Monday, March 17, 2008

DAY TWO: ART MADE; ART MAKING

By Joyce Marcel



Sorry, I was zonked when I wrote yesterday, so I forgot to explain that when Sister Jane, in "The Sermons of Sister Jane," was talking about sex as being a God-given, life-affirming gift, she was explaining why she didn't believe in the Virgin birth. After all, I think she said, why would God deny this precious gift - sexual intimacy - to the mother of His son?
That said, let's move on.
Yesterday, I also said that one of the problems with things like women's film festivals is that the emphasis is usually on the women and not on the films - or at least the film as art. "Enemies of Happiness," the Afghanistan film, is a good example.

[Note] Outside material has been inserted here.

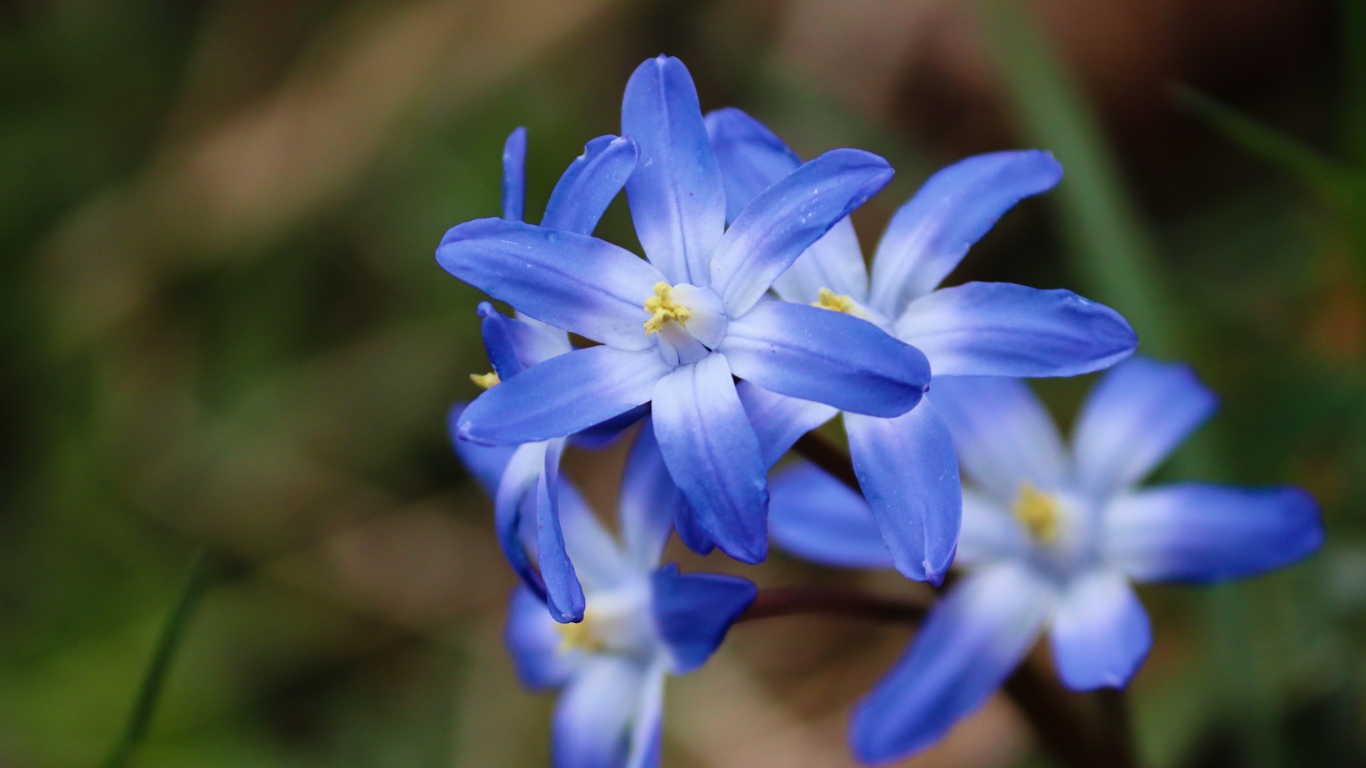 Голубые первые весенние цветы пролесок крупным планом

Great idea, great person at the center of the story, great relevance - but terrible film making.
So I was delighted - no, enchanted - to encounter the exquisite "Time to Die," written and directed by Dorota Kedriezawska of Poland in black-and-white.
This is a work of fiction, made in 2007, which tells the story of a 92-year-old old woman, Aniela, played by the actress Danuta Szaflarska, who is living in a large and stately old house which, thanks to the end of the Communist regime, she now occupies alone.
The film tells how Aniela, caught by scheming neighbors and her ungrateful son, at first decides to die, and then comes up with a scheme of her own.
The pacing of film is slow, ever so slow. Smoke rises in the air, candles burn, and the camera focuses deeply on Szaflarska's beautiful, aged, lined face and age-spotted, graceful hands. Every frame is lush with detail - a million leaves on the trees, a million wrinkles on her face - until you are absolutely drunk with the generosity all this ravishing beauty and the painterly light that illuminates it.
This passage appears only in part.